> **Task statement**:
Copy out the data exactly as it appears, without a single image.

--- Material to process ---

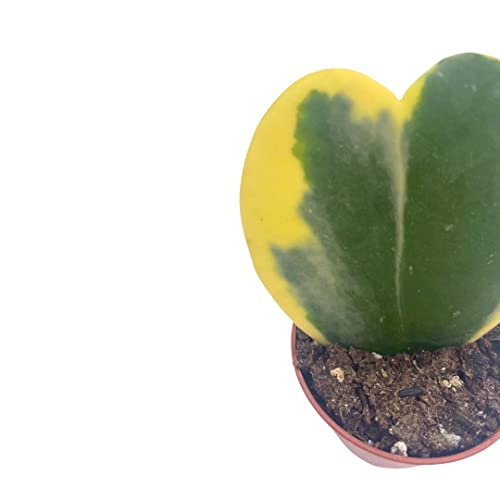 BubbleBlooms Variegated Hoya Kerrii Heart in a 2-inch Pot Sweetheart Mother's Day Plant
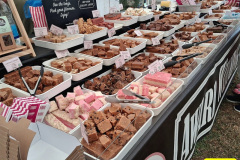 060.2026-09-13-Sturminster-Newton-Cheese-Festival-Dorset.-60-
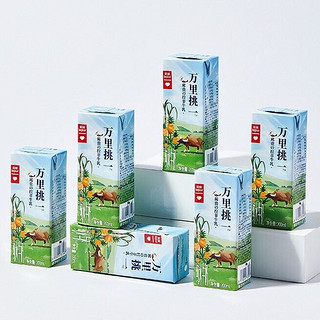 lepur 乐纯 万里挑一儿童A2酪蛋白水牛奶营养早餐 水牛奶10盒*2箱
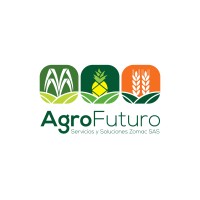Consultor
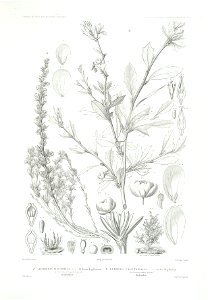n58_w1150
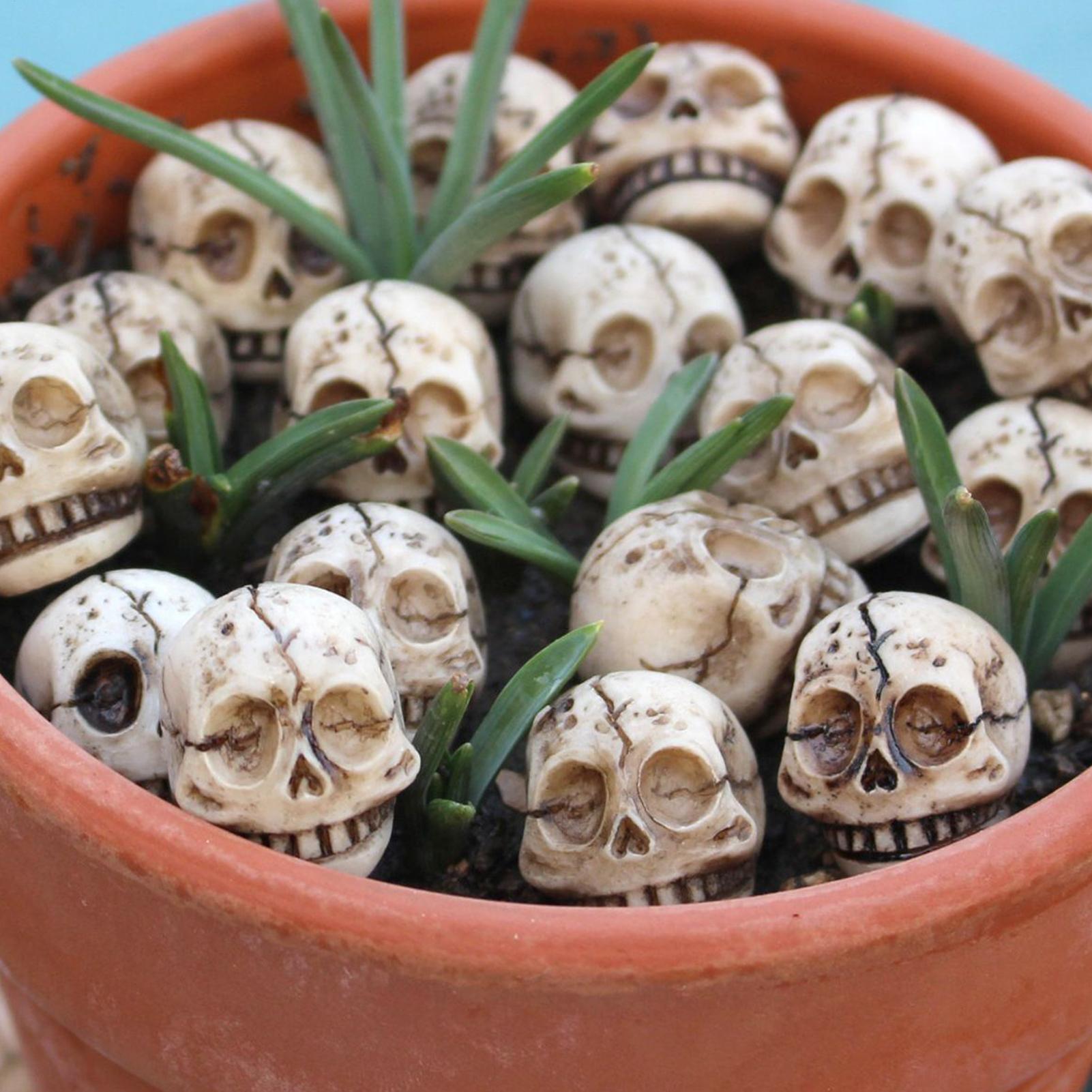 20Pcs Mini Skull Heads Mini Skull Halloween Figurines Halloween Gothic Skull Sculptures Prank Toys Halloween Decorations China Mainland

---

> **Solution to the problem**:
 BubbleBlooms Variegated Hoya Kerrii Heart in a 2-inch Pot Sweetheart Mother's Day Plant
 060.2026-09-13-Sturminster-Newton-Cheese-Festival-Dorset.-60-
 lepur 乐纯 万里挑一儿童A2酪蛋白水牛奶营养早餐 水牛奶10盒*2箱
Consultor
n58_w1150
 20Pcs Mini Skull Heads Mini Skull Halloween Figurines Halloween Gothic Skull Sculptures Prank Toys Halloween Decorations China Mainland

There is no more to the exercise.